The news is full of “Apple poaching engineers…” headlines, the latest victim that made the news is the electric motorcycle start-up Mission Motors. The company has filed for bankruptcy and its former CEO Derek Kaufman believes Apple’s “aggressive recruitment” is to blame.

“Mission had a great group of engineers, specifically electric drive expertise, Apple knew that — they wanted it, and they went and got it.”

 This is not the first time that the Cupertino company has been accused of poaching, electric-car battery maker A123 Systems had sued Apple for poaching its engineers, the lawsuit alleged that since around June 2014, Apple had been luring away engineers responsible for some of the battery maker’s most important projects.
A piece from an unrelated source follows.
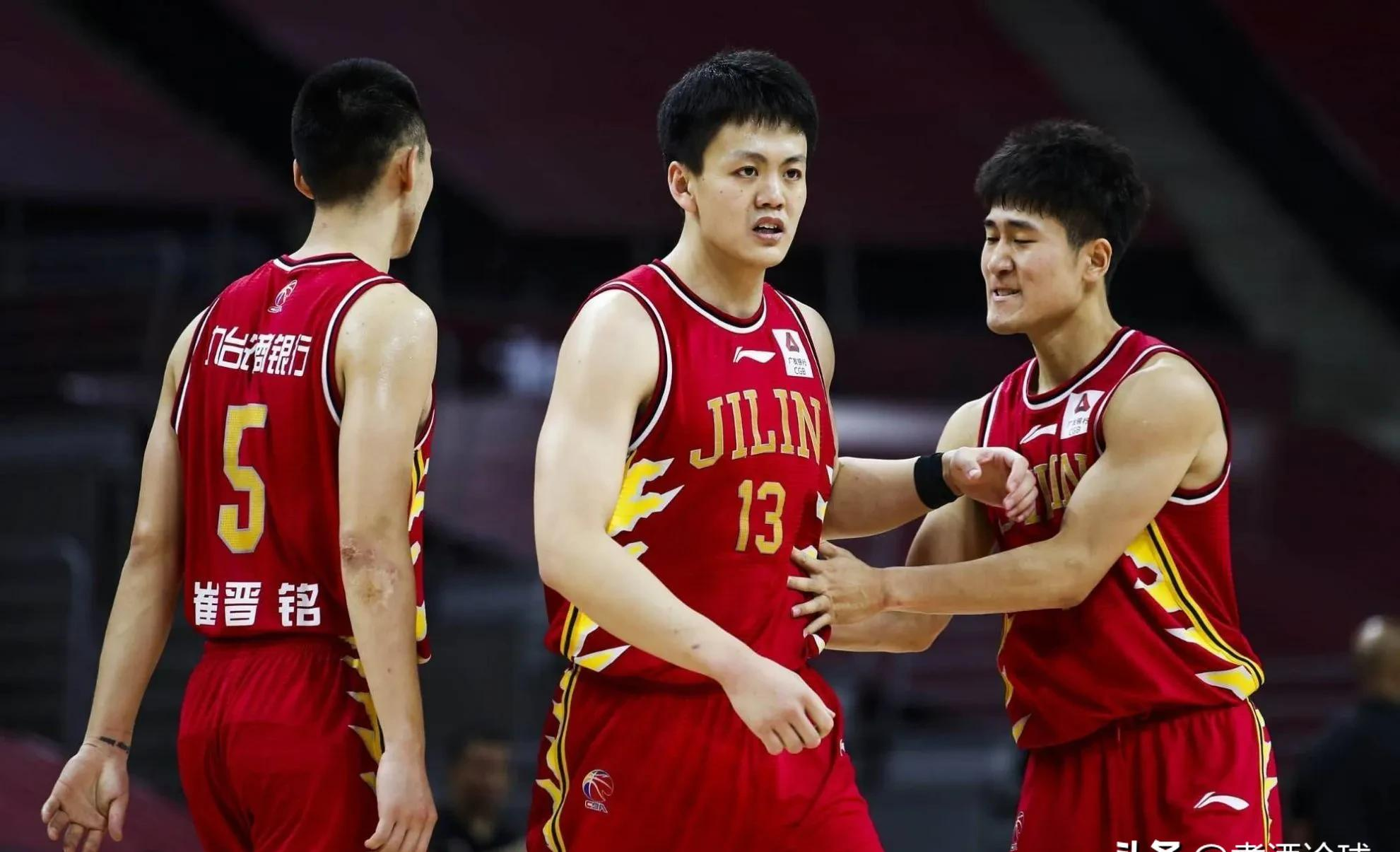 吉林队客场战胜对手，积极备战淘汰赛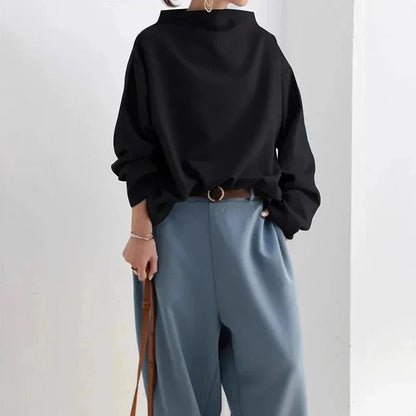 Hayden trui voor dames met oversized pasvorm en hoge kraag minimalistisch en moeiteloos chic – NEVIA - Glamorix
According to the lawsuit, the move to Apple broke employee agreements with A123. A settlement was agreed and A123 is now owned by China’s Wanxiang Group.

 Skilled engineers are hard to find, tech companies know that losing talented employees could doom their projects, as in the case of Mission Motors. To protect themselves from talent-poaching, tech giants have apparently agreed to a kind of nonaggression pact. A lawsuit filed by an ex-employee, accused Apple, Google, Adobe and Intel of agreeing to keep wages low by not hiring each other’s workers between 2005 and 2009. The companies offered $415 million to settle the case, denying any wrongdoing.

 “We deny the allegations contained in the suit and we deny that we violated any laws or that we have any obligation to the plaintiff,” Intel spokesman Chuck Mulloy said in an emailed statement. “We elected to settle the matter in order to avoid the risk, burdens and uncertainty of ongoing litigation.”

 Apparently not everyone is admitted in this exclusive club, with the competition’s employees being unprotected game, the big guys can hunt on their premises as they wish. Tesla CEO Elon Musk told Bloomberg that Apple has been offering a $250,000 signing bonus plus a 60 percent raise to entice his engineers to come work for Apple instead.

 There are not many laws in the US regulating employee recruitment (except for discrimination), but when it is openly referred to as talent poaching then it is, as the word implies, illegally hunting on land that is not one’s own. Many may argue that it is a free land but if every startup with an innovative idea or product gets sucked dry by the big players with big money, then we are being deprived of the freedom of choice.